Она застала его там, и ей сразу показалось, что весь мир зашатался, что налетела буря, сверкают молнии. В ней ли самой бушевала эта стихия, сметающая все на своем пути, или где-то рядом? Она быстро опустилась на стул, не поздоровавшись ни с кем за руку.
— Что с тобой стряслось? Что случилось? — заныл Сабин. — Два дня тебя не было, я очень волновался. И телефон…
— Я болела, — прошептала Вера.
«Какая оплошность! Он же врач, сейчас подойдет ко мне, станет расспрашивать, проверит пульс, может быть, захочет измерить температуру. Боже, защити меня, пусть он не прикасается ко мне! Вот он подходит, берет мою руку, — какая теплая, мягкая у него рука! — нащупывает пульс, отгибая манжет. Не надо больше отгибать, любимый, не поднимай слишком высоко манжет, ты обнажишь сухую, шершавую кожу, а я не хочу, не хочу, чтобы ты пришел в ужас и пожалел меня. Как ты не понимаешь, бестактный ты человек, что поэтому я ношу и летом длинные рукава? Ты думаешь, для меня ты просто врач? Ты самый обворожительный человек из всех, кого мне приходилось встречать, и я люблю тебя, люблю! Я не вынесу, если ты увидишь, если почувствуешь… Какое тепло, какое счастье приносят твои пальцы, которые задержались на моем запястье! Забытая мною жизнь со всем ее богатством, трепещущая, бьющая ключом, сосредоточилась сейчас вокруг моей ладони. Вот ты оставил мою руку, и я ощутила страшное одиночество, все опустело, меня знобит, и я корчусь здесь, на этом стуле, как раздавленный червь».
— У нее повышена температура? — спросил озабоченный Сабин.
— Нет. Думаю, что это просто переутомление. Вы же сами говорили, что последний год госпожа Вера очень много работает.
— Да, должно быть, переутомление, — глухо повторила она. — Простите меня, Сабин, я знала, что вы в верных руках, поэтому у меня не было сильных угрызений совести.

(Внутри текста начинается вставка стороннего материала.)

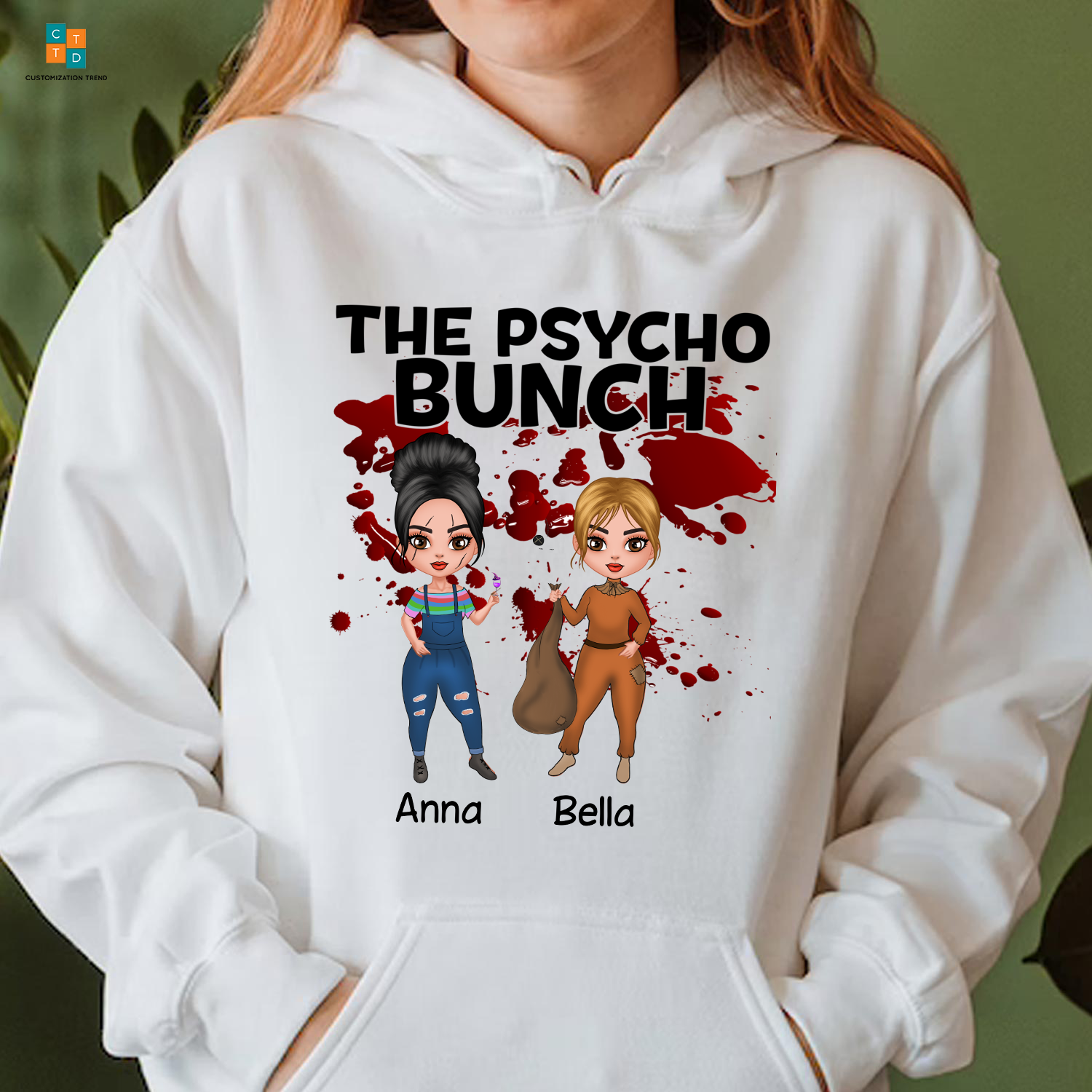 Personalized Halloween Standing Chibi Girls The Psycho Bunch Hoodie, Shirt, Custom Friend, Besties, Sister Hoodie Shirt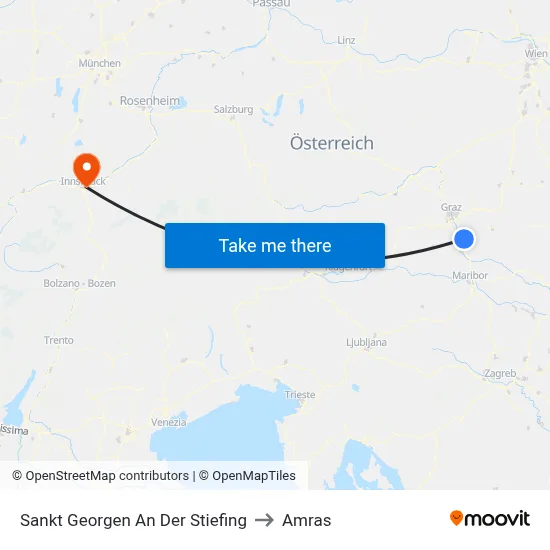 Sankt Georgen An Der Stiefing to Amras map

— Но Октав тоже не приходил два дня, я был совершенно один.
«И Октав не приходил!» А она так боролась с собой, считала, что одержала блистательную победу, раз сумела заставить себя не посещать этот дом, а на самом деле только мучила бедного старика. Хороша победа, нечего сказать!
«Этот человек будет приходить сюда теперь все реже и реже. Он убедился, что ему уже не спасти Сабина, его профессиональное самолюбие уязвлено, его здесь ничего уже не интересует. Надо найти предлог, чтобы он бывал здесь, чтобы я видела его. Когда-нибудь я одолею это наваждение, но до тех пор я должна с ним встречаться!»
— С завтрашнего дня я в отпуске, собрался только теперь, в сентябре.
— Вы куда-нибудь уезжаете? — испуганно спросил Сабин.
— Хотел поехать к морю, но, говорят, этой осенью вода очень холодная. Останусь в городе, я и дома прекрасно отдохну.
— Если у вас есть свободное время, не хотите ли, чтобы я написала ваш портрет? — спросила Вера неожиданно для самой себя, удивившись, что нашла так быстро предлог.